Now, a new study shows that a lifetime of experiencing discrimination is associated with a significantly higher likelihood of developing hypertension. In fact, study participants who experienced discrimination over their life were 49 percent more likely to develop hypertension than study participants who rarely felt discriminated against.
“This study shows that the discrimination African Americans face on a daily basis is an overlooked social determinant of health,” says Allana Forde, Ph.D., an epidemiologist at the Urban Health Collaborative at Drexel University in Philadelphia, and lead author of the study, published in the August 2020 issue of the journal Hypertension. “While past studies have shown that acute discriminatory events raise stress levels, we wanted to see what effect it had over a long period of time.”
Dr. Forde emphasized that the results of her study show how hypertension needs to be considered more holistically than just a symptom of unhealthy eating habits, lack of exercise, and poor stress-management.
“This adds to the argument that racism is a public health issue,” says Forde. “We can tell people to reduce stress in their lives and give them strategies to cope with it, but those often ignore the brutal reality that facing discrimination because of your skin color is pervasively stressful.”
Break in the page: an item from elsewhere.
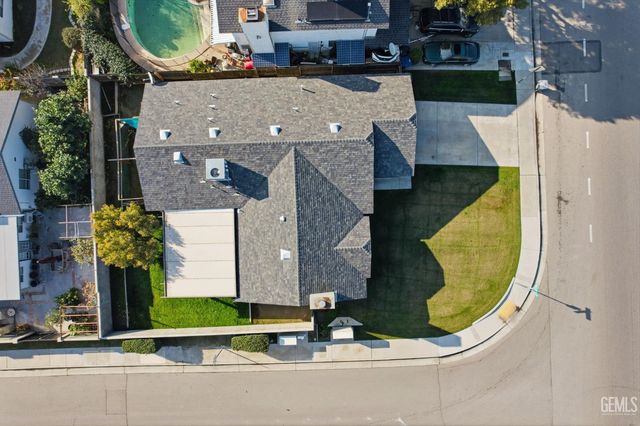 3401 Harris Road, Bakersfield, CA 93313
To conduct the study, Forde and her team analyzed data on 1,845 African Americans, ages 21 to 85, enrolled in The Jackson Heart Study, which focused on cardiovascular disease among African Americans around the Mississippi capital.
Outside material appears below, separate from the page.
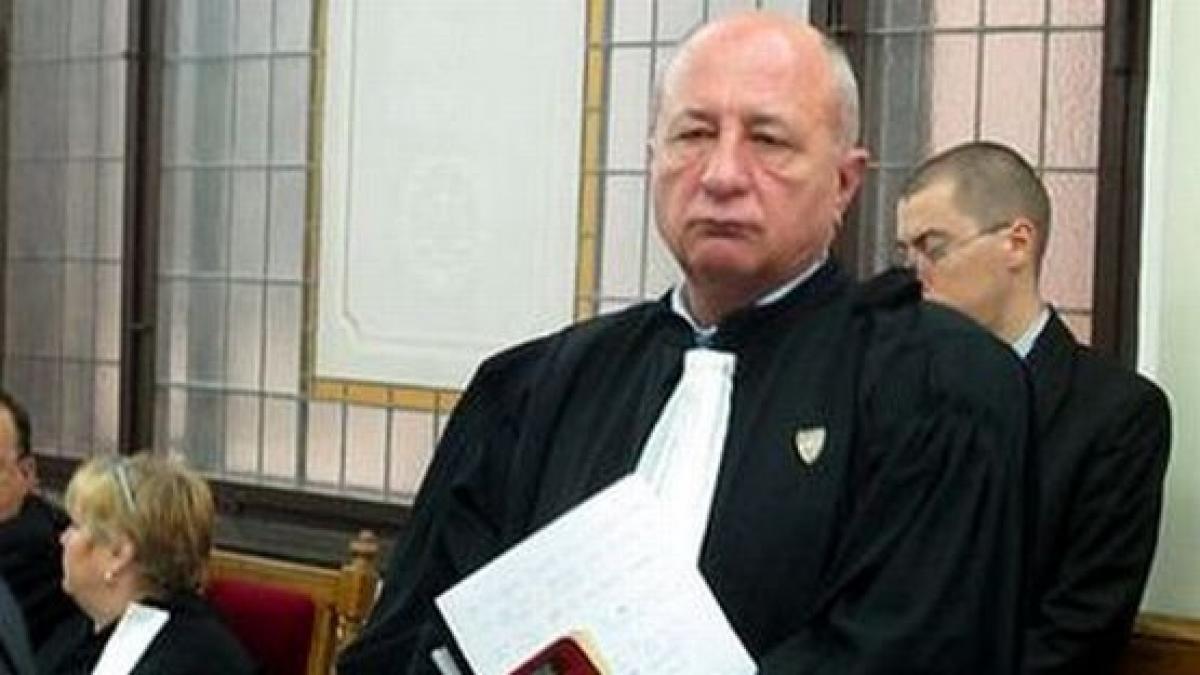 q a un reputat jurist atrage atentia o tara in care tacem de spaima nu poate fi democratica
None of the participants had hypertension at the onset of the study. There were two follow up study visits, one between 2005 and 2008 and a second between 2009 and 2013. Results showed that 52 percent of study participants developed hypertension over the follow-up period.
Over the 13 years that the patients were tracked, the study participants reported their experiences of discrimination through interviews, clinical exams, and at-home questionnaires. The results were clear; the more a participant experienced discrimination, the more likely they were to suffer from high blood pressure.
Forde readily admits that the observational nature of the study makes it impossible to prove cause and effect, despite the robust trove of data she and her colleagues analyzed. And yet, she compliments the nature of the Jackson Heart Study for its consideration of Black American experiences with discrimination as a determinant of heart health.
“We’re talking about a state with a deep history of racist and discriminatory policies, so it seems naïve not to think that would impact a person’s mental and physical health,” says Forde.
In fact, Mississippi just became the last state in the country to remove the Confederate emblem from its state flag.
“For an African American seeing that Confederate symbol waving on the state flag all over Jackson, it’s a constant reminder of your place in society and the constant threat of racism,” says Willie Lawrence, MD, chief of cardiology at Research Medical Center in Kansas City, who was not involved in the study. “That’s why this observational study is very provocative and suggestive that if we want to impact the healthcare of patients we need to pay attention to the societal factors that influence their psyche and psychology, which then have physical manifestations.”
Dr. Lawrence noted that while we all experience moments of hypertension in response to stress, Black Americans often experience constant stress from discrimination that heightens and prolongs anxiety. When a leisurely walk, a relaxing Sunday drive, or a morning jog are safety risks, it causes persistent stress over a lifetime, which contributes to a hypertension diagnosis.
“One of the major takeaways from the study is that intervention efforts to prevent hypertension need to acknowledge and focus on those societal elements that cause chronic stress in our lives,” says Lawrence.
Forde agreed with that assessment and would like to see the healthcare industry focus on developing strategies to help patients cope early on with the stress from discrimination.
“Ridding the world of discrimination would be nice, but that’s a pipe dream right now,” she says. “A realistic step for healthcare professionals is to identify healthy coping mechanisms and social supports that help people handle discrimination.”
Without those interventions and improvements in society, Lawrence notes that discrimination kills Black Americans in various ways.
“Racism is a public health emergency that’s killing Black people,” he says. “It’s a slow death from hypertension or a fast death from a cop’s stranglehold,” he says.